The author is Australian-born and was a correspondent for the Wall Street Journal, covering Bosnia, Somalia, Gaza, and Baghdad in the 1990s. During one of her breaks between assignments, she became aware of a town in Derbyshire (called Eyam, pronounced “Eem”) which, in the years 1665-1666, had severed contact with the outside world until the Plague had passed. Brooks’s novel is based on the sketchy but compelling events of this year.

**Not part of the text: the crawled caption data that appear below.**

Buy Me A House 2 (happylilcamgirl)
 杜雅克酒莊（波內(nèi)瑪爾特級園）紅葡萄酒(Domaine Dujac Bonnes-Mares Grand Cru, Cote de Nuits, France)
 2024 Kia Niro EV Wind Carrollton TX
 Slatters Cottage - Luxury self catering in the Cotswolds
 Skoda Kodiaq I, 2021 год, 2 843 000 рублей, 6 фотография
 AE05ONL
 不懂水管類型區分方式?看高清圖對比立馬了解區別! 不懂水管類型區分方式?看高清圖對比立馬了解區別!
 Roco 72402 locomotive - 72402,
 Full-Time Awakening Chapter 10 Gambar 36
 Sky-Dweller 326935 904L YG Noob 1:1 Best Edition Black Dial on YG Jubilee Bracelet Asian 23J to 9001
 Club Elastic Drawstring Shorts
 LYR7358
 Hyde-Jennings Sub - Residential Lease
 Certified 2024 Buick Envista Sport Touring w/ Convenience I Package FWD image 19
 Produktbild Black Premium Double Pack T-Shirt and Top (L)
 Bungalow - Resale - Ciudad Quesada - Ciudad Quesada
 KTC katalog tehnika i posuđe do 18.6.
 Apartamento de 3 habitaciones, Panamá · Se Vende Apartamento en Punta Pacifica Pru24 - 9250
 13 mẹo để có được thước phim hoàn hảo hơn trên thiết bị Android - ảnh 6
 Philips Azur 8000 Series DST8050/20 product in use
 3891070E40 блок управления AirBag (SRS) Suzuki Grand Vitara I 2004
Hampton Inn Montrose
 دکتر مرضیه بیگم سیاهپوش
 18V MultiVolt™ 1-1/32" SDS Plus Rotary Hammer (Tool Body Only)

Her story unfolds gradually, its revelations paced evenly throughout the novel. The first chapter begins at the close of the year of quarantine, with the heroine/narrator describing the appearance of the village:
It is a strange prospect, our main street these days. I used to rue its dustiness in summer and muddiness in winter, the rain all rizen in the wheel ruts making glassy hazards for the unwary stepper. But now there is neither ice nor mud nor dust, for the road is grassed over, with just a cow-track down the center where the slight use of a few passing feet has worn the weeds down. For hundreds of years, the people of this village pushed Nature back from its precincts. It has taken less than a year to begin to reclaim the place. In the very middle of the street, a walnut shell lies broken, and from it, already, sprouts a sapling that wants to grow up to block our way entire. I have watched it from its first seed leaves, wondering when someone would pull it out. No one has yet done so, and now it stands already a yard high. Footprints testify that we are all walking around it. I wonder if it is indifference, or whether, like me, others are so brimful of endings that they cannot bear to wrench even a scrawny sapling from its tenuous grip on life.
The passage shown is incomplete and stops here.